PLIST is pretty flexible though, the underlying storage can be XML, binary or even JSON now.

cellularmitosis · on Aug 18, 2019

Implementing a binary plist encoding on you REST endpoints is actually pretty great for iOS devices.

nimish · on Aug 17, 2019

Xml is a beast to parse. It's slow to parse and verbose but it doesn't give you a human friendly text format. It's got a number of weird features inherited from sgml. Every parser needs a quirks mode since nobody can write good schemas and schema parsers.

XML is a really bad interchange format. It's OK for a document markup language, and that's where it survives.

tootie · on Aug 17, 2019

When I was doing XML/Java stuff 10 years ago, you take your XSD and generate domain classes as a build step. It was more complicated but it was also 100% reliable because the tools were all rock solid. Written by the guy who made Jenkins.

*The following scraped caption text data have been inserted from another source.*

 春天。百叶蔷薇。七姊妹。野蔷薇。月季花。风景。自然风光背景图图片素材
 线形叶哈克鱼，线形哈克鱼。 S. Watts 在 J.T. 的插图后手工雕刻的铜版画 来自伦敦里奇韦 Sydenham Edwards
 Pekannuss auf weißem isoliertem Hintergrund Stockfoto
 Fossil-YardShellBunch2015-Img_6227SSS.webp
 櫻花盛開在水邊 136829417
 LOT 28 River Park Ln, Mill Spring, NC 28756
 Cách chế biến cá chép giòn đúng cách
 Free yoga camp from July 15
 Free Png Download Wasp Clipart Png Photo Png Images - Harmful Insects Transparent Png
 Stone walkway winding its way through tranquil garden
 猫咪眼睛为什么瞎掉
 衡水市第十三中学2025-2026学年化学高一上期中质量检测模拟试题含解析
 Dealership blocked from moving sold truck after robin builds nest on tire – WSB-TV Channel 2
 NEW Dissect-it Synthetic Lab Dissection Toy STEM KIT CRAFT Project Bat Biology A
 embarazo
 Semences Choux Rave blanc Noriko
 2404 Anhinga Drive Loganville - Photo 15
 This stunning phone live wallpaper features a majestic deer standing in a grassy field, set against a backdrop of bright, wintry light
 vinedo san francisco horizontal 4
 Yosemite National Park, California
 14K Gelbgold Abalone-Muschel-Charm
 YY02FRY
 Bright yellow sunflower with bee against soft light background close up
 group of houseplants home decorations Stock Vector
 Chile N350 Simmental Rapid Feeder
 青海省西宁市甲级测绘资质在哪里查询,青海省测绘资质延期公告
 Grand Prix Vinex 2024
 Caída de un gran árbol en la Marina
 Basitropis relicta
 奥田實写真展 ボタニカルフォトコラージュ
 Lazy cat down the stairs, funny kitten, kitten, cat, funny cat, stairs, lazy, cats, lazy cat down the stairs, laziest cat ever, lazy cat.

beatgammit · on Aug 17, 2019

Many languages have libraries built in that do something reasonable with JSON. Usually you just make a class or struct, instantiate it, and then generate JSON, no need to have a separate compile step. When going the other direction, I usually just format the JSON, copy that into my code, then fix the compile errors.

XML has all that tooling because it needs it. JSON is a lot more straightforward, is more compact, and is faster to parse and (probably) generate.

If you're going to go through the effort of a compile step, you should probably just use a binary protocol, which will get you even better performance and getting documentation out of the box (e.g. protocol buffers schemas are very readable).

I see absolutely no reason to use XML these days as a data format, but it's still a response choice as a markup format (you know, what the M stands for).

zvrba · on Aug 18, 2019

> Many languages have libraries built in that do something reasonable with JSON.

What about cross-language? In C# I define a class containing a `DateTime` field, export the schema with xsd, and generate classes for Java with xjc, and get back a field of (an equivalent of) `DateTime` type. Doing what you suggest with JSON, I'd get a "string". Thanks but no thanks.

> If you're going to go through the effort of a compile step, you should probably just use a binary protocol, […] I see absolutely no reason to use XML these days as a data format,

In our product we use a relational db (SQLServer) combined with XML. Each table has a structured part which is put into relational columns, plus an extensions part that is put into a "Data" XML column for semi-structured data. SQLServer supports XQuery so we can query the semi-structured data from SQL when needed.

This wouldn't fly with a binary format.

EDIT: yes, SQLServer also supports JSON, but has special optimizations for XML (e.g., it can understand schema types, it supports XML indexes which "shred" XML to a more efficient binary representation based on schema, etc.)